Please write out the lines of the data exactly, beginning with the first and ending with the line containing "NH license plate 3942098"; leave the pictures behind.

-- Given information follows --

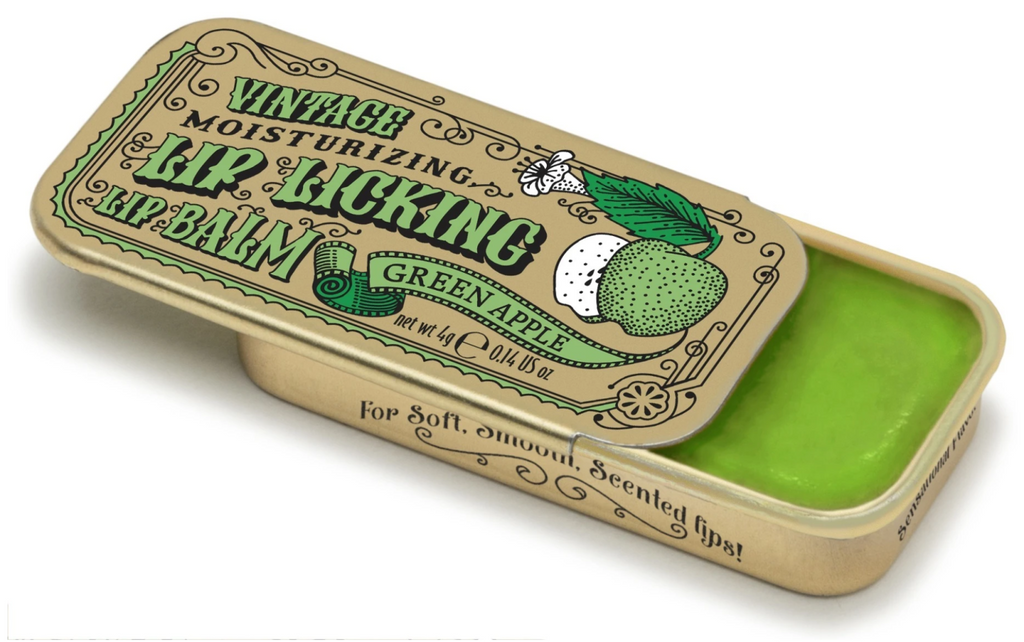 Green Apple flavored Lip Licking Lip Balm in a retro metal slider tin.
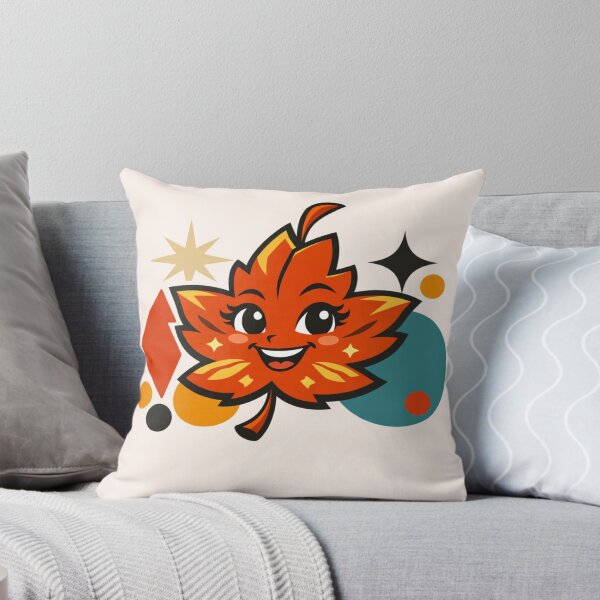 Item preview, Smiling Maple Leaf – Retro Fall Illustration designed and sold by Rare Good Girl Designs.
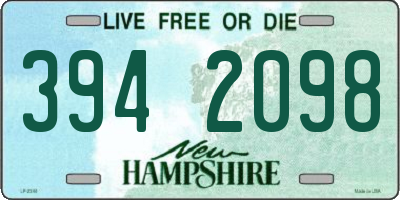 NH license plate 3942098
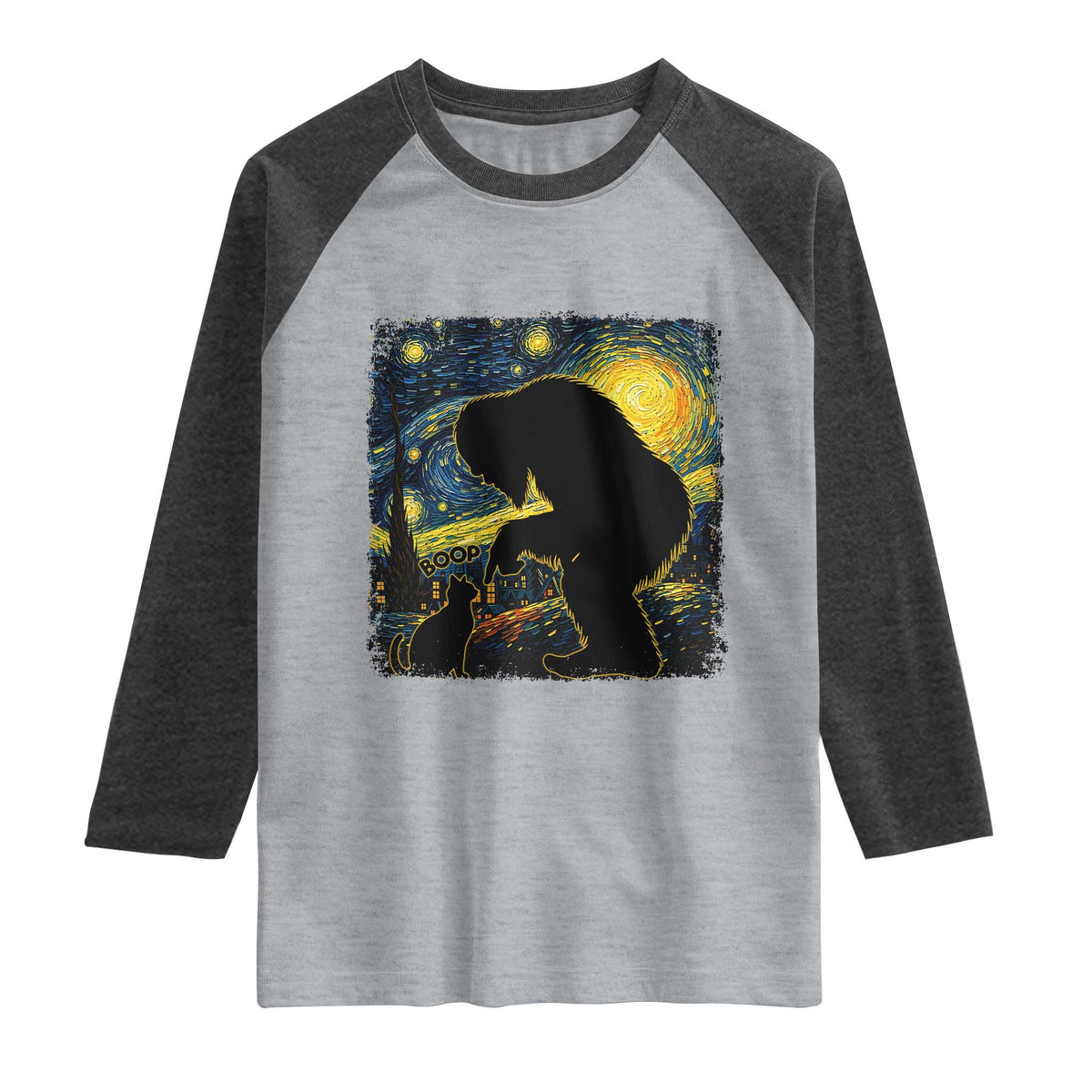 Fun Hand Boop Nose Bigfoot Cat Raglan Shirt Sasquatch Starry Night Van Gogh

-- Given information concluded --

Solution to this exercise »
 Green Apple flavored Lip Licking Lip Balm in a retro metal slider tin.
 Item preview, Smiling Maple Leaf – Retro Fall Illustration designed and sold by Rare Good Girl Designs.
 NH license plate 3942098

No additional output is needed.